Daily video compilation show by Yahoo! (2006–2008)

The 9 was a daily video compilation show, or vlog, on Yahoo! featuring the nine top web finds of the day. The 9 was launched on Yahoo!'s homepage (and Yahoo! TV) on July 10, 2006. The show, hosted by Maria Sansone, followed a similar format to other pop culture list shows on cable TV and the internet, such as VH1's Best Week Ever, Bub.blicio.us's Tech Soup, and E!'s The Soup. In 2006, Time named The 9 one of the top "50 coolest websites." The 9 was canceled on March 31, 2008.

==Format==
The 9 featured a countdown alongside the site's video player that featured nine numbered buttons, each labeled with a particular featured item and a web site. The host, Maria Sansone, introduced each of the nine stories and the "viewer" can then opt to click on and go to any story that interests them. Viewers are encouraged to vote on their favorite stories or submit their own. The options and interactions that the viewers may demonstrate are characteristic of what the future of news, information, and entertainment dissemination will look like. On October 19, 2006, the show switched out of beta and earned a new studio.

===Features===
- Pepsi Tenth - a feature where "viewers" can submit websites that the producers of The 9 missed.
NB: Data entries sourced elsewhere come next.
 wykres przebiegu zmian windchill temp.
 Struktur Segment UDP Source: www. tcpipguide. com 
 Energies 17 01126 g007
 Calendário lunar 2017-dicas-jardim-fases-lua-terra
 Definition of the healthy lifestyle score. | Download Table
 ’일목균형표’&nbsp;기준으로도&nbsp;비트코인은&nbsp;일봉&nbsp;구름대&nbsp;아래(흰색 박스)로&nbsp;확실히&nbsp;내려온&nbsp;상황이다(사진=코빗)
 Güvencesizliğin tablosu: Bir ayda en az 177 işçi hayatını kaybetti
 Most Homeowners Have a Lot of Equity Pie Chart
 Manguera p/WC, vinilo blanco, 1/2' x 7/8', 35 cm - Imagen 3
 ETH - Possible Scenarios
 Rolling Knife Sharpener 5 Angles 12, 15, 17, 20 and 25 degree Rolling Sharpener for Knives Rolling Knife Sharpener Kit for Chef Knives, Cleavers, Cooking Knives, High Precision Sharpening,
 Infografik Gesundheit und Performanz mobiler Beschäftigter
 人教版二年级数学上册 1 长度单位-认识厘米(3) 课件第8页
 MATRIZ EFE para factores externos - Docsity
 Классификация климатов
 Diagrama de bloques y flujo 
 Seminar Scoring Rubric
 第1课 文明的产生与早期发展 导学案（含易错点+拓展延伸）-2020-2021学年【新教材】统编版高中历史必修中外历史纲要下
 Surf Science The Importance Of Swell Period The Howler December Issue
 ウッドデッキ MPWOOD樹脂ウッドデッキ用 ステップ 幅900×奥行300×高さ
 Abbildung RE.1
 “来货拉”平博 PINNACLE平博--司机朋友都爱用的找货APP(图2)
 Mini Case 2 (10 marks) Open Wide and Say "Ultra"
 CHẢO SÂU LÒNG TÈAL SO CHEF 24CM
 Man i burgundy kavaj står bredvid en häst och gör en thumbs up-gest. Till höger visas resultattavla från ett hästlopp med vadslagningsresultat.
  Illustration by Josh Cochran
Every day, one (sometimes more) of the nine websites is a "Pepsi Tenth" site.
- The 9 Awards - On December 21, 2006, the first 9 Awards was hosted. This was the end of the "9 Pan-denominational Holidays" which included daily, an item that you would not want to get as a holiday present. On this day, awards were given out (for example, "Best Use of a Waterpark") to the people hosted on The 9. The Best Pepsi 10th winner won a year's supply of Pepsi.
- The Back 9 - On February 3, 2007, the Back 9 was introduced. It allows viewers to explore websites in a more organized fashion. Categories include Maria's Favorites, Featured, Celebrity, Event, Music, Entertainment, and Sports.